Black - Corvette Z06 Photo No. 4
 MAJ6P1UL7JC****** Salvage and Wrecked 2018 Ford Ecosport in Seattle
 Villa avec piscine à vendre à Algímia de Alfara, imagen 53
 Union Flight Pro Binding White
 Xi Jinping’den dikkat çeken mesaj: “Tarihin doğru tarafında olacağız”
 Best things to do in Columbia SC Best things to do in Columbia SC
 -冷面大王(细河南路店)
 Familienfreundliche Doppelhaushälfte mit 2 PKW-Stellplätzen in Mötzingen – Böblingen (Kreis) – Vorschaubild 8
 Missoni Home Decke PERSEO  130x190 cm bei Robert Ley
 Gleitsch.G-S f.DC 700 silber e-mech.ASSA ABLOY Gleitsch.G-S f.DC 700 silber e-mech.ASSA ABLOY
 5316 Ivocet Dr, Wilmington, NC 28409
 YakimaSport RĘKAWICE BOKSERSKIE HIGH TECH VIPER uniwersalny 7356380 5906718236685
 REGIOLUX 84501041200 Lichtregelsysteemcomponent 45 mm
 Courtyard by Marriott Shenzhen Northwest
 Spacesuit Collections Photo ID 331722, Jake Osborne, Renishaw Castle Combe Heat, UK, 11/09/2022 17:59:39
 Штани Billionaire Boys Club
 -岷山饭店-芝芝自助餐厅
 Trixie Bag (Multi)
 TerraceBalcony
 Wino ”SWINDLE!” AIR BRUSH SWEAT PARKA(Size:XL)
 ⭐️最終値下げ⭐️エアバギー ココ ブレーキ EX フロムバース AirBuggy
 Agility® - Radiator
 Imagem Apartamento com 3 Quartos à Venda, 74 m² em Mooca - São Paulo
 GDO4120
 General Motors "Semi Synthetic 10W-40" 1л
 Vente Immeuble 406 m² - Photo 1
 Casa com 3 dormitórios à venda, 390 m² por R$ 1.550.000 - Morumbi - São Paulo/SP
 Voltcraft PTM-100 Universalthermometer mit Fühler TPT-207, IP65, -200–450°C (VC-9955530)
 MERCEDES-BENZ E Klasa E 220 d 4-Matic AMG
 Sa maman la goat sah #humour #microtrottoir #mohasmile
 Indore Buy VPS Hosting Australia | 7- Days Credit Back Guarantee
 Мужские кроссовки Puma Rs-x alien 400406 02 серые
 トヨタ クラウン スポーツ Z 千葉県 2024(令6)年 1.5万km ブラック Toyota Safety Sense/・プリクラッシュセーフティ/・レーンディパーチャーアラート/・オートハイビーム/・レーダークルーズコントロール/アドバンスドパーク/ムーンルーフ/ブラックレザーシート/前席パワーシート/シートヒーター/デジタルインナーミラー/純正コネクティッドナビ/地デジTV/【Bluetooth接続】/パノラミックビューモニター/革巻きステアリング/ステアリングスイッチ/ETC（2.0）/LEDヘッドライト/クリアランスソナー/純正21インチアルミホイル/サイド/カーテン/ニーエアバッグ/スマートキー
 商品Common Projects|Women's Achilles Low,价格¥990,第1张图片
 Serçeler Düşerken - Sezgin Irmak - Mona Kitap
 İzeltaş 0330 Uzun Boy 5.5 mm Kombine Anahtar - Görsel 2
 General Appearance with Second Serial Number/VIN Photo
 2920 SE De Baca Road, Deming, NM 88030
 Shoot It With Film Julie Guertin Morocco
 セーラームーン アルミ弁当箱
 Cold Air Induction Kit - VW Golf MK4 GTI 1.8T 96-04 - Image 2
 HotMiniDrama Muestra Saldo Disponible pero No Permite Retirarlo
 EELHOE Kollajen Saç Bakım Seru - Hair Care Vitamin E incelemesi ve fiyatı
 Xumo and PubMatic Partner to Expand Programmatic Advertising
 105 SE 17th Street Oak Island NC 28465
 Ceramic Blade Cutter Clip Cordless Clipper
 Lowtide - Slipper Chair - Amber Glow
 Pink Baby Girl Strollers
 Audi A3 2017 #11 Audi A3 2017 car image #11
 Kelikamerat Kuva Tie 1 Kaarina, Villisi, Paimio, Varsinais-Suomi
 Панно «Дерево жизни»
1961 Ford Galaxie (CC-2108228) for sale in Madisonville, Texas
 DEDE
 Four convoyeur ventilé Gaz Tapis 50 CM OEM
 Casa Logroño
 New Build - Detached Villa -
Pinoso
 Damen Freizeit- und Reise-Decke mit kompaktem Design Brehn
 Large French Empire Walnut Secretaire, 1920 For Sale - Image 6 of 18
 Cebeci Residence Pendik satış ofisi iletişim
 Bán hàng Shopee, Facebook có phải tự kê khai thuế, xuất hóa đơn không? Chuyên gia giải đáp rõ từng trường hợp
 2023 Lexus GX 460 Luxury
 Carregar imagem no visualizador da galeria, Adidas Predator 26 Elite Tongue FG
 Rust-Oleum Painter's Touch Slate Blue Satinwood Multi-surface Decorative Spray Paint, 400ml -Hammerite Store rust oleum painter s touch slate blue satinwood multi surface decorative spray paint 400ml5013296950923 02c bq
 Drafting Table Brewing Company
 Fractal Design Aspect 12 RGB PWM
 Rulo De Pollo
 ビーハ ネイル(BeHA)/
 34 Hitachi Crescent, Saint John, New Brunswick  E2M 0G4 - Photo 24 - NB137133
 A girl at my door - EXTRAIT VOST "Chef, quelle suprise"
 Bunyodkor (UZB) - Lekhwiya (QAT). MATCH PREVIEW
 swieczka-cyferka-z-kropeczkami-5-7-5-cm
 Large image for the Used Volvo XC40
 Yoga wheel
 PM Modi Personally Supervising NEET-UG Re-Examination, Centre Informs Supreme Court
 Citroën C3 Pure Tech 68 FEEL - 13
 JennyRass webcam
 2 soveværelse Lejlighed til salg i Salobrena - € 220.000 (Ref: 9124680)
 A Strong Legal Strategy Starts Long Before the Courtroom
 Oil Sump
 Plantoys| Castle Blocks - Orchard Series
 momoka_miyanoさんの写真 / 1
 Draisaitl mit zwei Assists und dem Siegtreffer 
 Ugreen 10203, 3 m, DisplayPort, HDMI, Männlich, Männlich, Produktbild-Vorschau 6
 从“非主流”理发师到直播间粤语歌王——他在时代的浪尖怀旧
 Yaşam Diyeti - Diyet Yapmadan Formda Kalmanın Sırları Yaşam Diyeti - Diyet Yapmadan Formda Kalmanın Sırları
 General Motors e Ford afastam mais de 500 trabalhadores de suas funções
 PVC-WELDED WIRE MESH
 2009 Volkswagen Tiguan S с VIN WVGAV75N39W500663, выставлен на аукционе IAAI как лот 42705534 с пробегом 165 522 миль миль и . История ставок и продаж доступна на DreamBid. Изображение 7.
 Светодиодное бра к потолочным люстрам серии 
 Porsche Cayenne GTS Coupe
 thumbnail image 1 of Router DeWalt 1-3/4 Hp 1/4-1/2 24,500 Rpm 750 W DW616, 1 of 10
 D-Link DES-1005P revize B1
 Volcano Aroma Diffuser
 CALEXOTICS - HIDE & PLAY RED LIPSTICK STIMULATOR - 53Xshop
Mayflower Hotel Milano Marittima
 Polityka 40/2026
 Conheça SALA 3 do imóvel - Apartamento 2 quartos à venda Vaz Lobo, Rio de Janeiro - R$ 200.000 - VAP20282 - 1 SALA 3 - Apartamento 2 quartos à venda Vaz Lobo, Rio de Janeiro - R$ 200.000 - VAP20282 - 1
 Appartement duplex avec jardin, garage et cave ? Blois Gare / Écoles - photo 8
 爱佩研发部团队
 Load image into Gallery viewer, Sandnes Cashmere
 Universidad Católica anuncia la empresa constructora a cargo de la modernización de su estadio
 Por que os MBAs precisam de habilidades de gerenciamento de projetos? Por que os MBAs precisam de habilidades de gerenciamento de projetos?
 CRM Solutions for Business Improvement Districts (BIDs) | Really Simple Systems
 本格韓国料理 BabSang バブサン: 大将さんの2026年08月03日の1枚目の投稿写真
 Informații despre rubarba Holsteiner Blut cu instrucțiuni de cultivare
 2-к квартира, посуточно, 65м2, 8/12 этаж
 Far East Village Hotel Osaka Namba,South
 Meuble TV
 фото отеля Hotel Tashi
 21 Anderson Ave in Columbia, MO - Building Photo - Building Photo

----------

# YOUR INSTRUCTIONS
Filter the entries and copy out every line with the word "Casa".

# PROBLEM SOLUTION
 Casa com 3 dormitórios à venda, 390 m² por R$ 1.550.000 - Morumbi - São Paulo/SP
 Casa Logroño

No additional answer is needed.